La hija del Alfa, sirviendo bebidas como si se estuviera ganando el sustento.

¿Qué será lo siguiente, lustrarnos los zapatos?

—rio una mujer.

Luego otra le respondió a su comentario.

—¿A que es para morirse de risa?

La niñita del Alfa Thorne reducida a servir vino.

¿Deberíamos darle propina o sería un insulto a la realeza?

La cara me ardía, pero no me di la vuelta.

Simplemente seguí caminando, con cuidado de no derramar nada.

Diosa, esas lámparas de araña.

Demasiado brillantes, joder…

Sentía como si me estuvieran perforando el cráneo.

La música atronaba desde unos altavoces ocultos y los graves hacían temblar el suelo.

Risas, perfume, el crujido de telas caras.

El salón de baile resplandecía en oro y blanco, brillando como un sueño.

Solo que no era el mío.

Me abrí paso entre la multitud, aferrando otra botella de vino, llenando copa tras copa mientras la gente giraba a mi alrededor.

La fiesta de cumpleaños de Lydia Axton.

Por supuesto.

Mi hermana —mi hermana perfecta— brillaba envuelta en seda y diamantes.

Cada vez que se movía, la sala la seguía.

No necesitaba decir ni una palabra para adueñarse del lugar.

¿Y yo?

A mí me tocaba ser la ayuda.

La sirvienta.

El uniforme me picaba.

El escote era irregular, la tela, rígida.

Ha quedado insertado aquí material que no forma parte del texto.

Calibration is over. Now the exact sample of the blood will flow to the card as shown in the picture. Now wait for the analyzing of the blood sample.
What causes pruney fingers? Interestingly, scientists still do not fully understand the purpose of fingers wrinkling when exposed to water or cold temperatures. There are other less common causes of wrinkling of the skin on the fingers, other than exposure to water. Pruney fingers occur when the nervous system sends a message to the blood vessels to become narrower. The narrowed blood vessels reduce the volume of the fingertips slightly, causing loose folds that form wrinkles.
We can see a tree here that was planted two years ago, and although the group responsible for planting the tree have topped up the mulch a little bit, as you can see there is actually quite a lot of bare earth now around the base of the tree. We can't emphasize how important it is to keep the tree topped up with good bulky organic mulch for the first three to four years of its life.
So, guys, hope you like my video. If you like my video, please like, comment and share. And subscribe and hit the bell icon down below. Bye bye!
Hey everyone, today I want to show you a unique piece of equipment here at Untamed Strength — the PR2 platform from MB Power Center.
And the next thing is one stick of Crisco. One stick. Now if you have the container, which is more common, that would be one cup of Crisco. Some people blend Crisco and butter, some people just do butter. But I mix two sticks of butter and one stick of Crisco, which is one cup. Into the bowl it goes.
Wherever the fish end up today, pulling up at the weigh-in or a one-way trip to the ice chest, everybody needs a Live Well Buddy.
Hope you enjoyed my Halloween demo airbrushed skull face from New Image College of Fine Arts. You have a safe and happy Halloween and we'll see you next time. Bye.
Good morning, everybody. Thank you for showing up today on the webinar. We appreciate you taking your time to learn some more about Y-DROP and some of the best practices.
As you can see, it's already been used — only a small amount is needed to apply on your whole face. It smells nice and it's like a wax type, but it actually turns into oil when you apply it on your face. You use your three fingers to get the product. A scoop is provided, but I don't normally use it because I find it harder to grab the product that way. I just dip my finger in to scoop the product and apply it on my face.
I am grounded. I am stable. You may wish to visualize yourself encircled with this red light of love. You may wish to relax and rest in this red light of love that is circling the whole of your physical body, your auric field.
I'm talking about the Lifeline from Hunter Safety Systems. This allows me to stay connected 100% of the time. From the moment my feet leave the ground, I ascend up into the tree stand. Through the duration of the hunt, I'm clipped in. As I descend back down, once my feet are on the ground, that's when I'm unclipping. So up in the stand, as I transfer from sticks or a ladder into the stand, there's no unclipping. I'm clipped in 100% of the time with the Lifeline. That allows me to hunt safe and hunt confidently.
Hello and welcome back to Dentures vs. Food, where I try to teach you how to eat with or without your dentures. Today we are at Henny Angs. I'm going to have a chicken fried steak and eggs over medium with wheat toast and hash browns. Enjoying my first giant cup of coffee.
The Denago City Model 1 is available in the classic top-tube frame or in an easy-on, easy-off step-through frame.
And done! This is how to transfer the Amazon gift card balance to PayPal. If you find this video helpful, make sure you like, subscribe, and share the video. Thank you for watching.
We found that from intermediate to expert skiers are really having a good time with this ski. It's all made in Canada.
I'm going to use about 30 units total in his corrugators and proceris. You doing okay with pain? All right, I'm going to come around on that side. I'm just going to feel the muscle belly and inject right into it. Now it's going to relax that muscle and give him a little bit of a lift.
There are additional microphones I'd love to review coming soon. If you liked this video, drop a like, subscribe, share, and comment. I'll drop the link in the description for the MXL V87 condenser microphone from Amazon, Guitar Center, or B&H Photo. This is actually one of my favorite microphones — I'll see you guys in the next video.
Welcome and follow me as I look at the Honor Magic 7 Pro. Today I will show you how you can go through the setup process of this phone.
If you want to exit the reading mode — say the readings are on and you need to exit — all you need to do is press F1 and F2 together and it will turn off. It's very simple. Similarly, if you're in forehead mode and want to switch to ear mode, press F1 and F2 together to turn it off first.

Me colgaba como una cortina que alguien olvidó planchar.

Cada vez que veía mi reflejo en la pared de espejos, quería desaparecer.

Veintidós años y nunca he tenido una fiesta de cumpleaños.

Ni una.

Ni siquiera una vela en un pastel barato.

—¡Vino!

—ladró alguien cerca de la mesa del bufet.

Fui, manteniendo la vista baja.

Era más fácil así.

No mires durante mucho tiempo, no hables a menos que te hablen.

Así se sobrevivía a noches como esta.

El hombre que esperaba era el Consejero Beta Rorick.

Tenía la cara roja y una sonrisa maliciosa.

—Vaya, si no es la pequeña vergüenza del Alfa Thorne —dijo, agarrándome la muñeca mientras intentaba servir—.

¿Sirviendo bebidas ahora?

Supongo que hasta tu padre se ha dado cuenta de que no sirves para mucho más.

Sus dedos se clavaron, afilados y dolorosos.

—Deberías estar agradecida de que siquiera te hable, una chica como tú.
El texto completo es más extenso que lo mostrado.